A Tom Maior devolveu o espírito daquele Bruno Ribas que cantou o samba “É Segredo” (Tijuca 2010). O que a escola mudou na sua vida?
Bruno Ribas: “A Tom Maior me trouxe uma recarga de bateria, mas eu já estou até me desfazendo dela, estou de verdade pensando em me aposentar. O carnaval está ficando meio chato e difícil de lidar. Mas, isso não é para agora, ainda vou ter um tempo para poder me organizar, organizar a vida e deixar tudo legal para que isso possa acontecer e eu poder parar.
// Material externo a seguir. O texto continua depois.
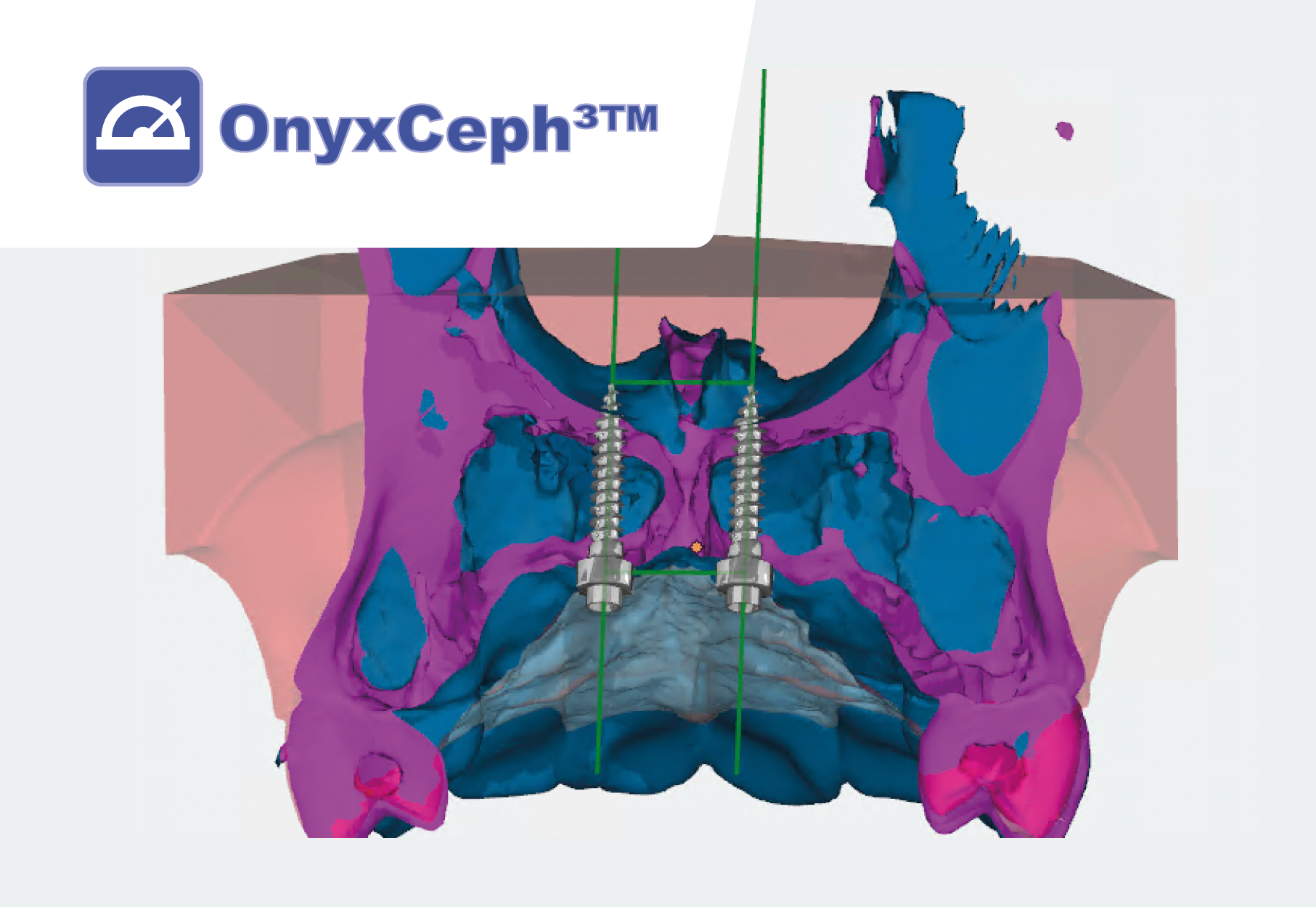 Onyxceph - szablony do mikroimplantów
A Tom Maior foi muito importante nesse sentido para mim e para a minha trajetória”.
Aliás, o “É Segredo” é o samba da sua vida?
Bruno Ribas: “Não foi o samba da minha vida, mas sim o desfile da minha vida, já que foi o primeiro campeonato que eu conquistei como intérprete oficial de uma escola de samba na minha carreira, foi muito importante e tenho boas lembranças”.
Por que você já cogita a hora de parar?
Bruno Ribas: “O ‘parar’ que eu falo não é parar de cantar, mas sim como o carnaval, é o que pretendo. Estou pensando e ajeitando uma nova estratégia para a minha carreira, eu e a minha equipe ainda estamos em análise para planejarmos isso. Quero descobrir outras funções também no carnaval, além de cantar. Eu vim de bateria, me propus a cantar, e acho que não deixei muito a desejar. Fui e sou um mediano cantor e daqui um tempo quero ver outros horizontes. Trabalhar mais para dentro da confecção do carnaval, estar mais dentro desse horizonte me interessa também”.
Qual a diferença entre cantar no Rio e em São Paulo?
Bruno Ribas: “A única diferença que separa o Rio de São Paulo é a logística. É o que São Paulo tem de melhor para oferecer, algo que realmente falta no Rio. O som é magnífico, todo o operacional de São Paulo é muito bacana. Mas, no restante, creio não ter diferenças, às vezes até tem sim no sentido de tamanho do carnaval deles para o nosso do Rio, mas no geral não. Se considerando a parte musical, não. A música é universal, a gente faz em qualquer lugar, estando no meu setor isso não muda”.
E como é cantar em trio com o Leozinho e a Grazzi?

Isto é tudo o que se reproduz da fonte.